Barnabas Fund questions aid to countries with persecution
Barnabas Fund is urging the UK Government to do more to ensure the countries it sends aid to are respecting human rights.
It has questioned the millions of pounds in aid being sent to the likes of Eritrea, Sudan and Pakistan where Christians are experiencing hardship and discrimination because of their faith.
In Eritrea, which received over £3million during the last financial year, Christians are being detained in metal shipping containers and tortured in order to make them recant their faith.
Sudan received over £32million in aid last year, but Barnabas Fund describes the government as an "extreme persecutor" of Christians. The organisation has been evacuating thousands of Christian women and children in the face of growing hostility.
Christians continue to experience persecution in Pakistan as a result of the blasphemy laws, which are being misused by extremists. False accusations have led to attacks, lengthy imprisonments, and death sentences, although no one has yet been executed for the offence.
Christian women also face abduction by Muslim men, who force them to convert to Islam and marry them.
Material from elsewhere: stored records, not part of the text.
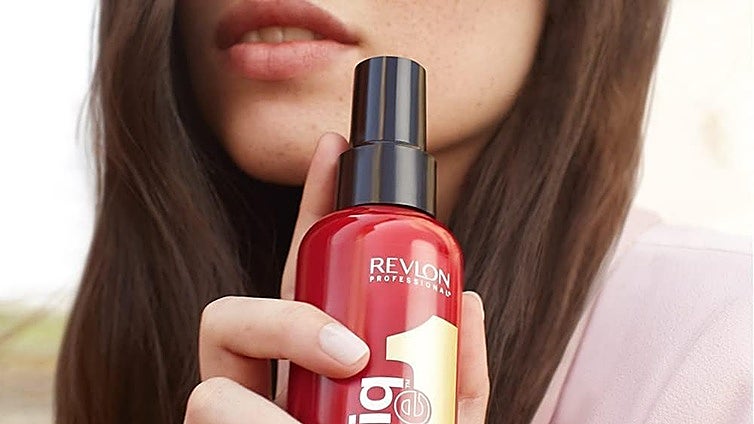 Protección térmica y reparación capilar multifunción con UniqOne All in One de Revlon Professional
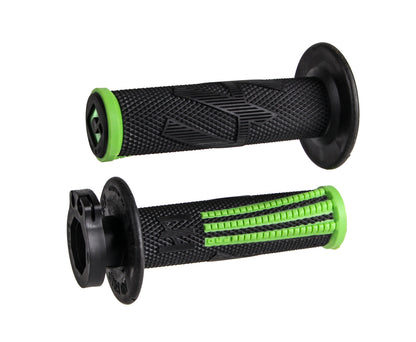 ODI Emig Pro V2 Lock-on grips Full Diamond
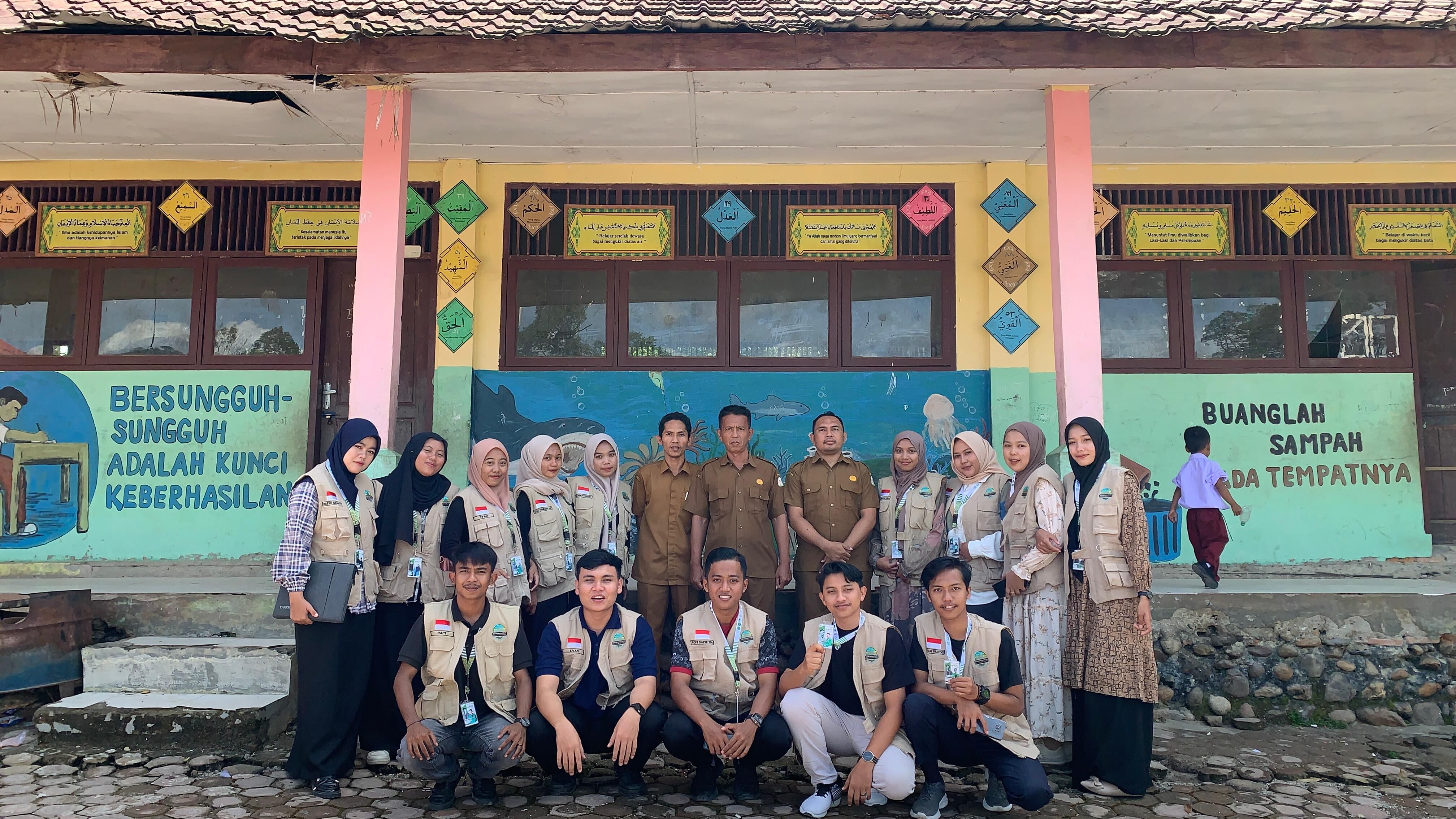 Mahasiswa KKN Melayu Adakan Sosialisasi Narkoba Sejak Dini Di Sekolah Dasar Negeri Loot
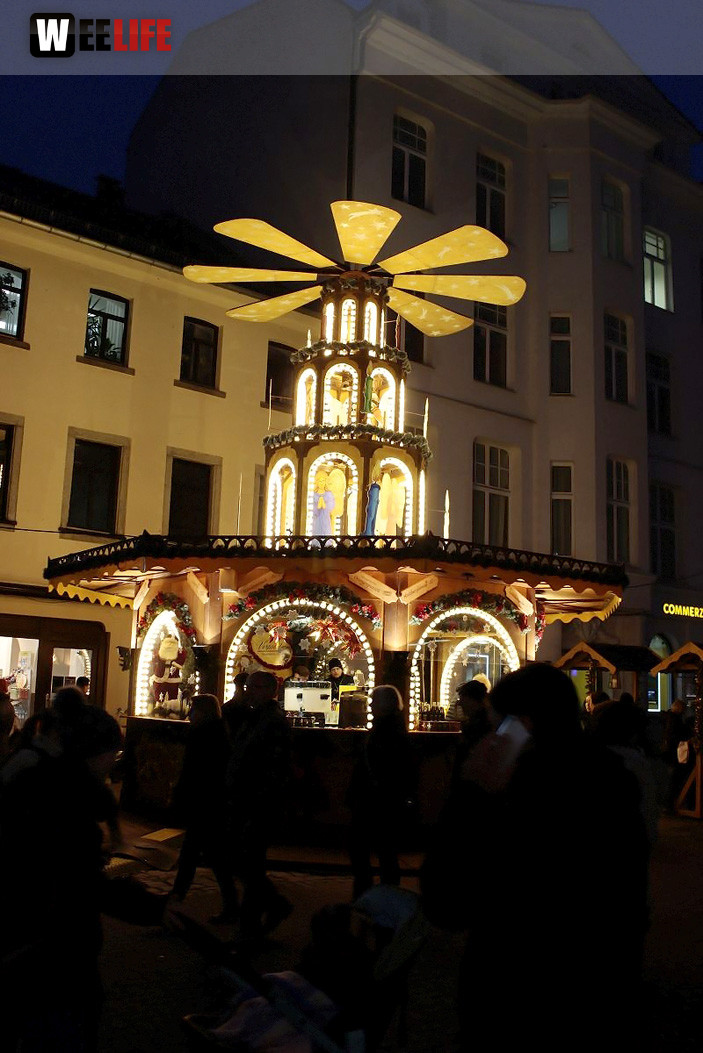 Offizielle Eröffnung Hofer Weihnachtsmarkt  2016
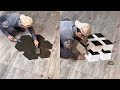 Young Man with great tiling skills -Great tiling skills -Great technique in construction PART 79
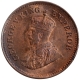 Bronze Half Pice Coin of King George V of Calcutta Mint of 1924.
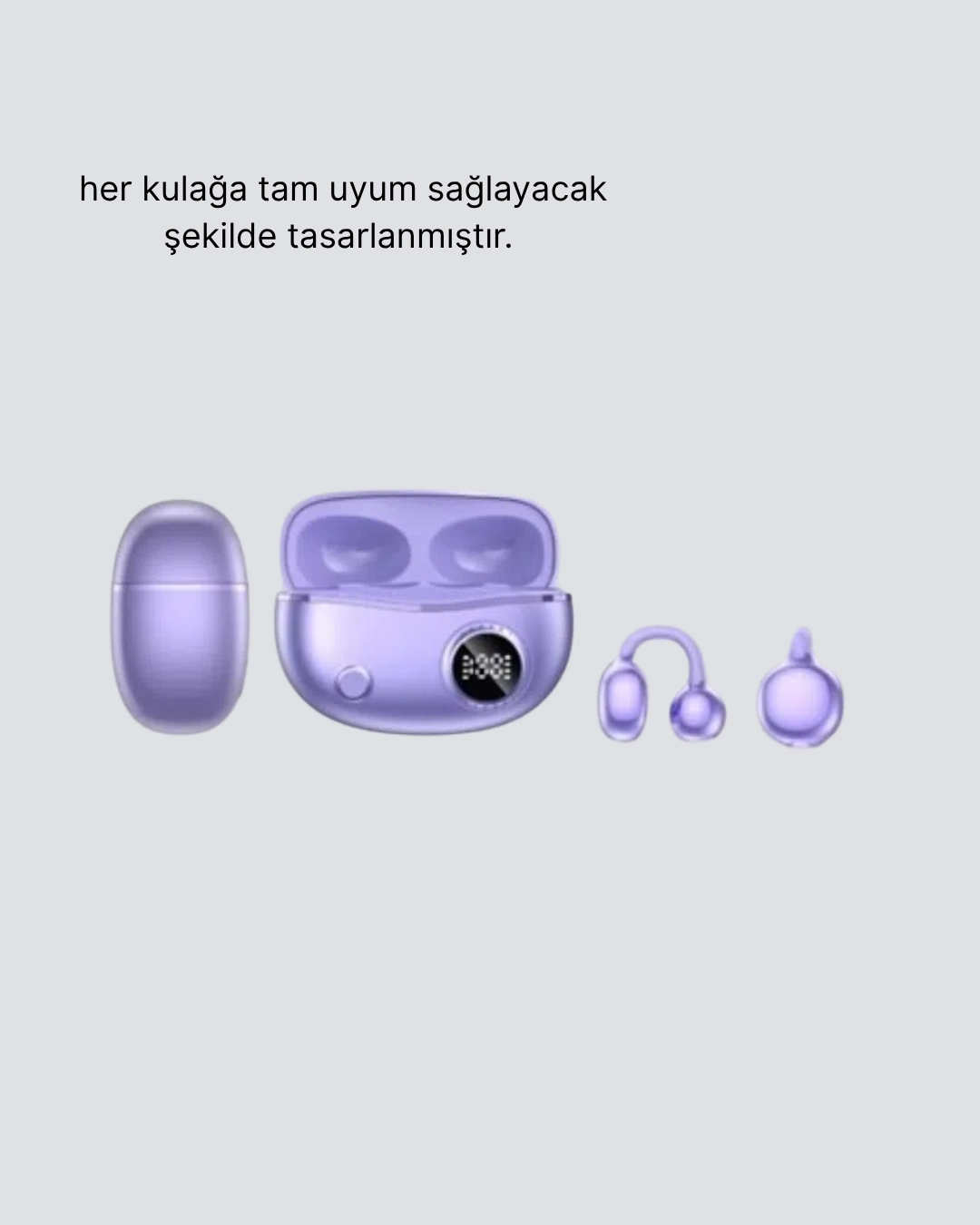 Yxg10 Spor Tipi Kulak Arkasi Kulaklik Kaymaz Aerodinamik Tasarim 370639678 Sw1080sh1350 700x875 YXG10 Spor Tipi Kulak Arkası Kulaklık Kaymaz Aerodinamik Tasarım najmaddin.com spor yaparken kulaklığın düşmesinden sıkılan veya günlük kullanımda daha konforlu bir seçenek arayan kullanıcılar için YXG10 kulak arkası kulaklık mükemmel bir çözümdür. Klipsli tasarımı sayesinde kulak arkasına tam oturur ve en hareketli anlarda bile sabit kalır. Dans ederken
Christians complain that little is done to prevent these injustices and perpetrators often escape justice.
Despite these human rights abuses, Pakistan received over £211million in aid from the UK Government last year.
In a response to Barnabas Fund's concerns, the Department for International Development said it "robustly assesses" the suitability of governments receiving aid and that respecting human rights is one of the factors taken into consideration.
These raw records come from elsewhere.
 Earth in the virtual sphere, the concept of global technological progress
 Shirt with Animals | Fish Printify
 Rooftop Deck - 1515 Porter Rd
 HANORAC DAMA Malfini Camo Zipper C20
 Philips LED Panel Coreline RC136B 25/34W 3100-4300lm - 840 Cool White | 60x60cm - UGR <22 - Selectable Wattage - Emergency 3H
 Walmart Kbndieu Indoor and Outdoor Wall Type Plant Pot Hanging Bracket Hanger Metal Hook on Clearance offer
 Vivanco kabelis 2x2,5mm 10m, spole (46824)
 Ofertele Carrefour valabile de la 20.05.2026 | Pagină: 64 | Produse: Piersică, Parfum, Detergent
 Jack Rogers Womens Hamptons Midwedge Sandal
"We may judge that specific human rights concerns are sufficiently serious to merit a suspension of our financial aid to that government," DFID said.
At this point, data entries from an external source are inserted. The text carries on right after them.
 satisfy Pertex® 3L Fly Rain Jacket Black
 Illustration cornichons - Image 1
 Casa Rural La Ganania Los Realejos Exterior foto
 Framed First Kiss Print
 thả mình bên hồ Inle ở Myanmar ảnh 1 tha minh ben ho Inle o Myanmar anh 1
"If financial aid is suspended, we make sure those funds are provided in alternative ways so that the poorest do not suffer as a result."
Barnabas Fund said that the total withdrawal of UK aid from a country where Christians are being persecuted could make things worse for the most disadvantaged.
"Yet propping up regimes that abuse their most vulnerable citizens hardly encourages change", it added.
"While the UK Government pays lip service to the importance of human rights, it is questionable whether it is truly putting its money where its mouth is in the payment of aid to countries that persecute Christians."